## Exercise directions
Exactly as they appear below, repeat the lines from the one with "An open photo" through the one with "Bright primary bedroom". Drop every picture.

## Provided material
--------

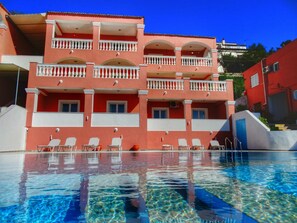 A multi-story hotel with a pool in front. - Paradiso Aparthotel (Corfu)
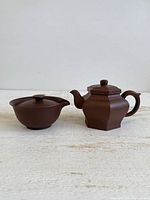 Front view of both clay teapots
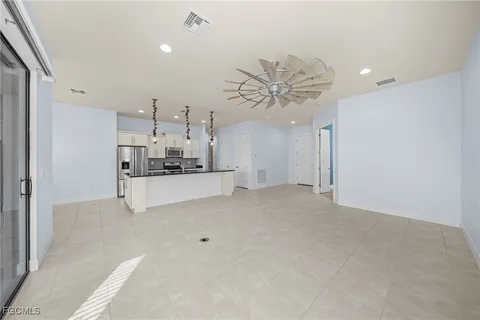 a view of a kitchen with a sink and chandelier fan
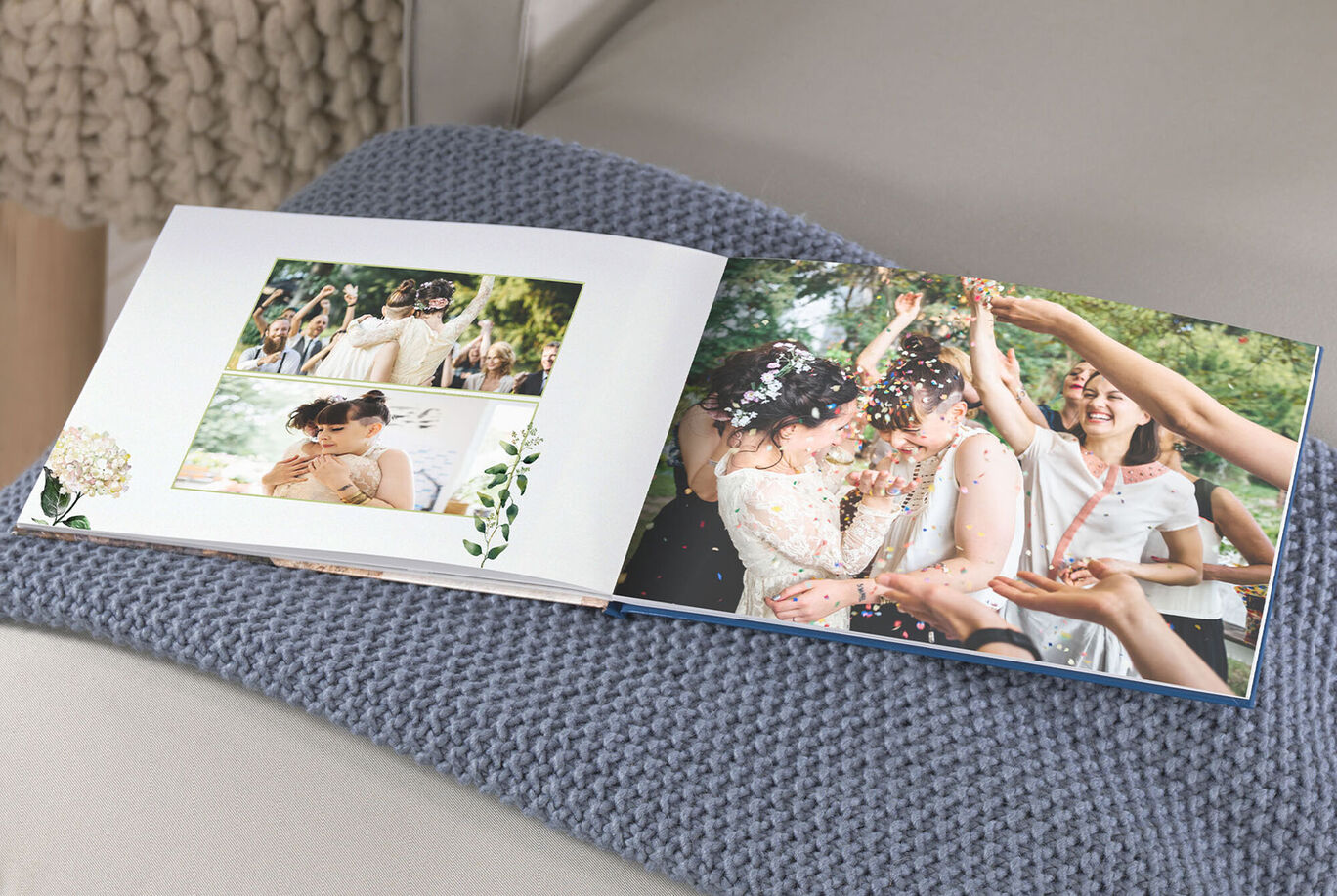 An open photo book with cheerful wedding pictures on a cozy couch.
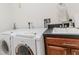 Close-up of a modern washer and dryer with dark countertops and wooden cabinets at 1778 Waterside Oaks Dr, Orange City, FL 32763
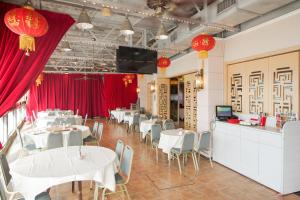 Warwick Hotel Cheung Chau في هونغ كونغ: مطعم بطاولات بيضاء وكراسي وستائر حمراء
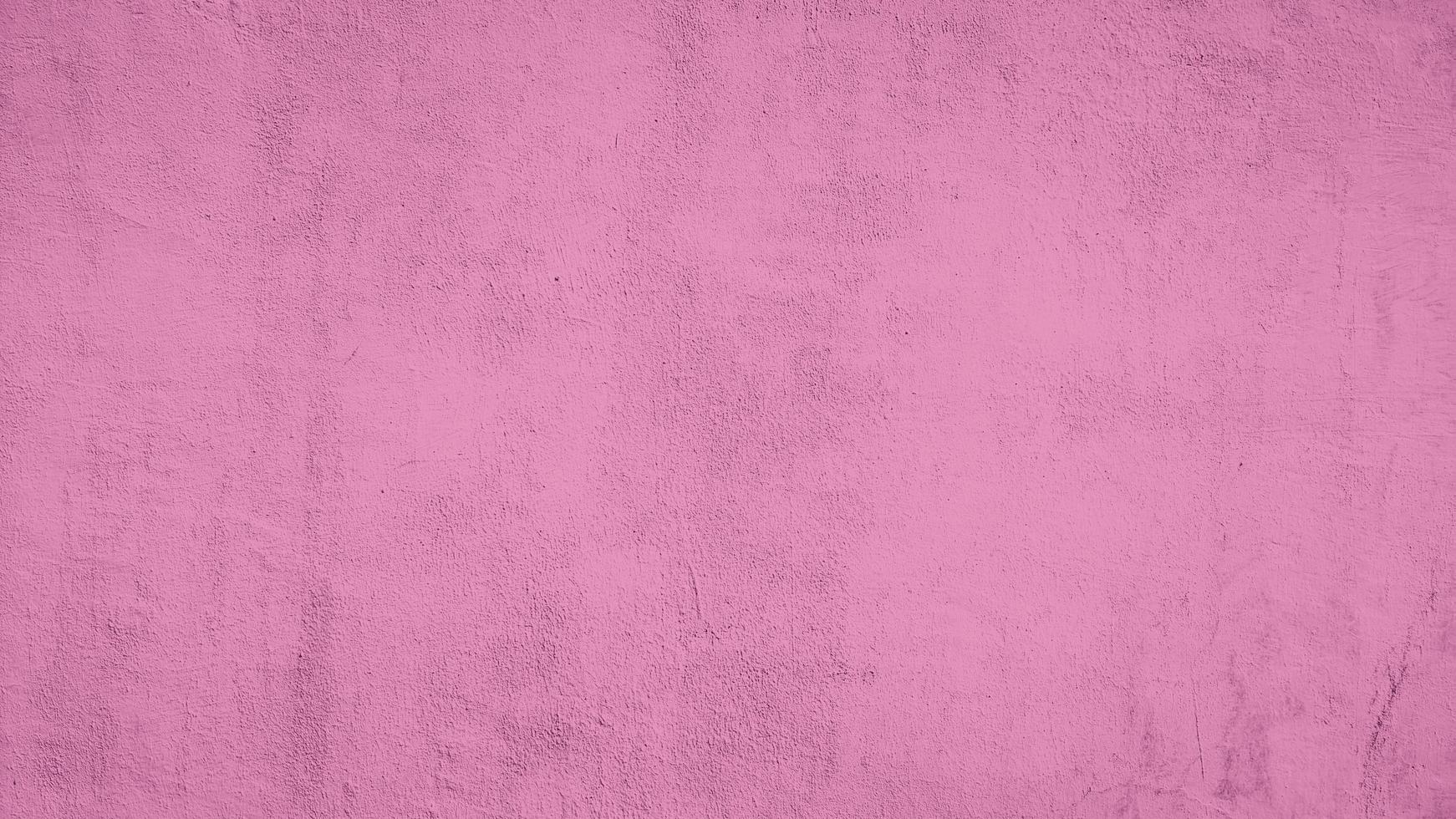 abstract cement concrete wall texture background with pink color photo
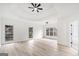 Bright primary bedroom featuring tray ceilings, large windows, and light wood floors at 1007 Fairway Seven, Villa Rica, GA 30180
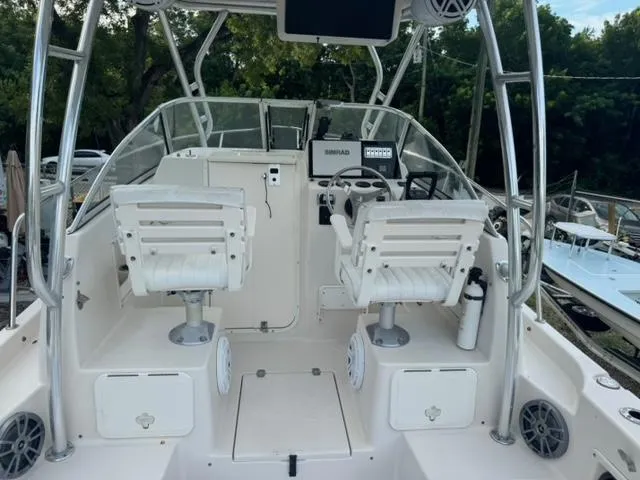 Slide: The Image of 2007 Cobia 270 boat interior with dual white captain chairs and control panel. - 6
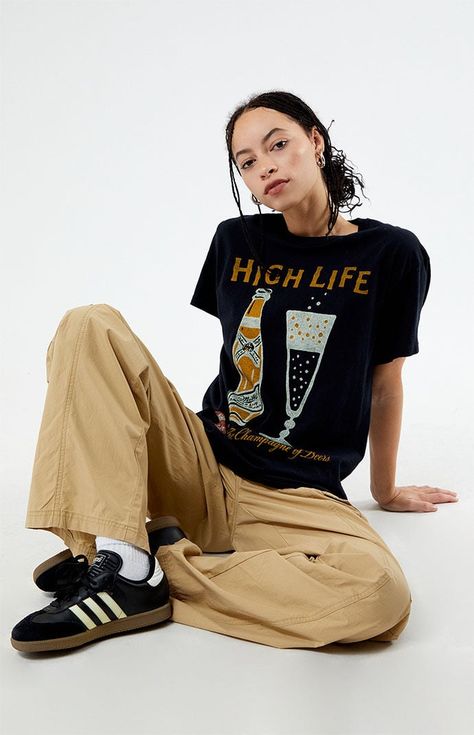 Step up your graphic tee rotation with the new Miller High Life T-Shirt from Junk Food. Crafted for both comfort and style, this tee effortlessly combines retro flair with a touch of casual coolness.Solid color teeShort sleevesCrew necklineFront graphicRelaxed fit100% cottonMachine washableModel is wearing a size smallModel measurements: 5’7.5” height, 32” bust, 23” waist, 35” hip Junk Food Womens Miller High Life T-Shirt - Black size XS Womens Tshirt Outfit, Casual Outfits Tshirt, Vintage Tee Outfit, Black Tshirt Outfit, Graphic Tshirt Outfit, Short Tshirt, Tee Shirt Outfit, Miller High Life, Graphic Tee Outfits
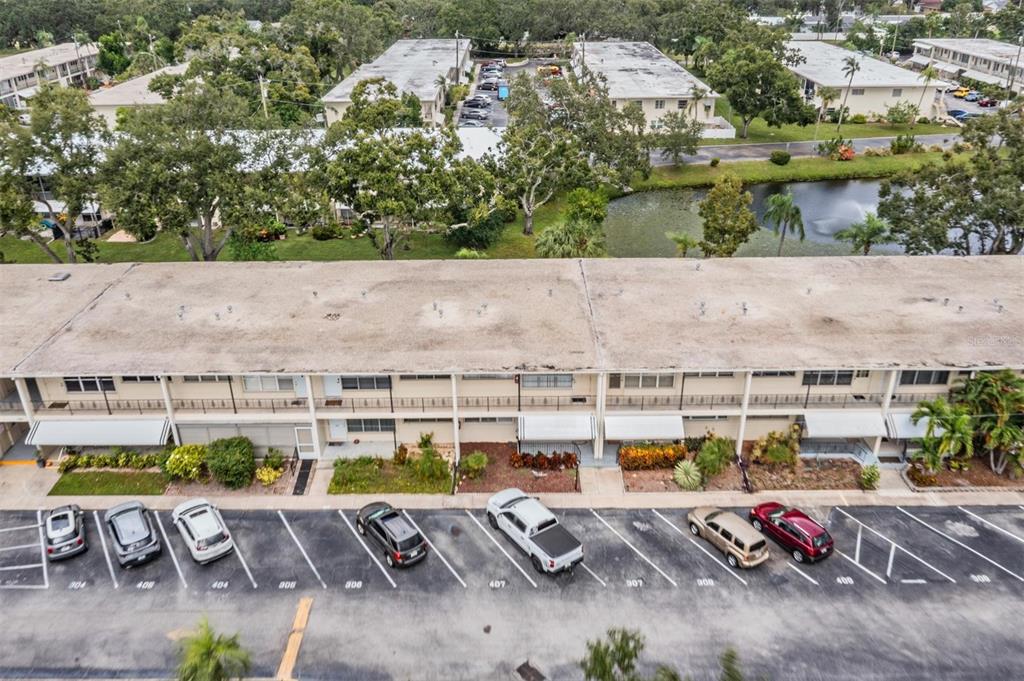 An aerial view shows a multi-story apartment building with a parking lot in front — 5665 40TH AVENUE N UNIT 407, KENNETH CITY, FL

--------

## Response to the exercise
 An open photo book with cheerful wedding pictures on a cozy couch.
 Close-up of a modern washer and dryer with dark countertops and wooden cabinets at 1778 Waterside Oaks Dr, Orange City, FL 32763
 Warwick Hotel Cheung Chau في هونغ كونغ: مطعم بطاولات بيضاء وكراسي وستائر حمراء
 abstract cement concrete wall texture background with pink color photo
 Bright primary bedroom featuring tray ceilings, large windows, and light wood floors at 1007 Fairway Seven, Villa Rica, GA 30180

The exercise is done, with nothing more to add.